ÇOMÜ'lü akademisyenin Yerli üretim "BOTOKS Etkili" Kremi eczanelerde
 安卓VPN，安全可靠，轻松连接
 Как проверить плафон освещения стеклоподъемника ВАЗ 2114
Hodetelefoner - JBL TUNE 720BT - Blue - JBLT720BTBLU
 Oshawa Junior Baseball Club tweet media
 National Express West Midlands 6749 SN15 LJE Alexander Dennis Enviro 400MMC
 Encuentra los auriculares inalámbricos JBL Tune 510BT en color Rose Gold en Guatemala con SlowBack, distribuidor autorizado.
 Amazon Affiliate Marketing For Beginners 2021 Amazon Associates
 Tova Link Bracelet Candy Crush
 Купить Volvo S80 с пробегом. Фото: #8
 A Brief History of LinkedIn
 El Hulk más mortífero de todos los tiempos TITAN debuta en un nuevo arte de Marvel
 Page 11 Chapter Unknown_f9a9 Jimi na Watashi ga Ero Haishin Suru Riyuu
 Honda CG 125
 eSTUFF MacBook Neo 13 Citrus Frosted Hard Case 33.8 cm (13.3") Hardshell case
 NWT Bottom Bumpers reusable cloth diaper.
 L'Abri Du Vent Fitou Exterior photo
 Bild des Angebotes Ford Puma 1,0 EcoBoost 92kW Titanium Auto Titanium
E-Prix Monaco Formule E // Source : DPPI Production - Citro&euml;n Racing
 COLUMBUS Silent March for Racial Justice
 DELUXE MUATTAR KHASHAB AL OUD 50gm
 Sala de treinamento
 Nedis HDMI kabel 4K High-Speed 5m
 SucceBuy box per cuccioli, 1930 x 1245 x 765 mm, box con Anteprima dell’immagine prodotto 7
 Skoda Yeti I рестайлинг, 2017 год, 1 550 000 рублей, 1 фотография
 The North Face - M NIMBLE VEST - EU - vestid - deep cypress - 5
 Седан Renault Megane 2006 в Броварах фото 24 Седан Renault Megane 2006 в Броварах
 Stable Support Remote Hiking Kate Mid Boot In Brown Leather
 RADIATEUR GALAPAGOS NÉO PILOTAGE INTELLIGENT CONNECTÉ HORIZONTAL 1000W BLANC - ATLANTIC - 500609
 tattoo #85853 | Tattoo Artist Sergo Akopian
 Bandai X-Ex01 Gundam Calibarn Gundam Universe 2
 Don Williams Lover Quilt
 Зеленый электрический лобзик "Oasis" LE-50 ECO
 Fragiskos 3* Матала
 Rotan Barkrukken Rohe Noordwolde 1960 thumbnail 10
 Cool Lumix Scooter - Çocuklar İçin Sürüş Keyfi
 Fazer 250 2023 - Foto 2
● ● ● ● ● ● ●
• _Problem_:
Nothing in the material may change; reproduce it all.

• _Solved exercise_:
ÇOMÜ'lü akademisyenin Yerli üretim "BOTOKS Etkili" Kremi eczanelerde
 安卓VPN，安全可靠，轻松连接
 Как проверить плафон освещения стеклоподъемника ВАЗ 2114
Hodetelefoner - JBL TUNE 720BT - Blue - JBLT720BTBLU
 Oshawa Junior Baseball Club tweet media
 National Express West Midlands 6749 SN15 LJE Alexander Dennis Enviro 400MMC
 Encuentra los auriculares inalámbricos JBL Tune 510BT en color Rose Gold en Guatemala con SlowBack, distribuidor autorizado.
 Amazon Affiliate Marketing For Beginners 2021 Amazon Associates
 Tova Link Bracelet Candy Crush
 Купить Volvo S80 с пробегом. Фото: #8
 A Brief History of LinkedIn
 El Hulk más mortífero de todos los tiempos TITAN debuta en un nuevo arte de Marvel
 Page 11 Chapter Unknown_f9a9 Jimi na Watashi ga Ero Haishin Suru Riyuu
 Honda CG 125
 eSTUFF MacBook Neo 13 Citrus Frosted Hard Case 33.8 cm (13.3") Hardshell case
 NWT Bottom Bumpers reusable cloth diaper.
 L'Abri Du Vent Fitou Exterior photo
 Bild des Angebotes Ford Puma 1,0 EcoBoost 92kW Titanium Auto Titanium
E-Prix Monaco Formule E // Source : DPPI Production - Citro&euml;n Racing
 COLUMBUS Silent March for Racial Justice
 DELUXE MUATTAR KHASHAB AL OUD 50gm
 Sala de treinamento
 Nedis HDMI kabel 4K High-Speed 5m
 SucceBuy box per cuccioli, 1930 x 1245 x 765 mm, box con Anteprima dell’immagine prodotto 7
 Skoda Yeti I рестайлинг, 2017 год, 1 550 000 рублей, 1 фотография
 The North Face - M NIMBLE VEST - EU - vestid - deep cypress - 5
 Седан Renault Megane 2006 в Броварах фото 24 Седан Renault Megane 2006 в Броварах
 Stable Support Remote Hiking Kate Mid Boot In Brown Leather
 RADIATEUR GALAPAGOS NÉO PILOTAGE INTELLIGENT CONNECTÉ HORIZONTAL 1000W BLANC - ATLANTIC - 500609
 tattoo #85853 | Tattoo Artist Sergo Akopian
 Bandai X-Ex01 Gundam Calibarn Gundam Universe 2
 Don Williams Lover Quilt
 Зеленый электрический лобзик "Oasis" LE-50 ECO
 Fragiskos 3* Матала
 Rotan Barkrukken Rohe Noordwolde 1960 thumbnail 10
 Cool Lumix Scooter - Çocuklar İçin Sürüş Keyfi
 Fazer 250 2023 - Foto 2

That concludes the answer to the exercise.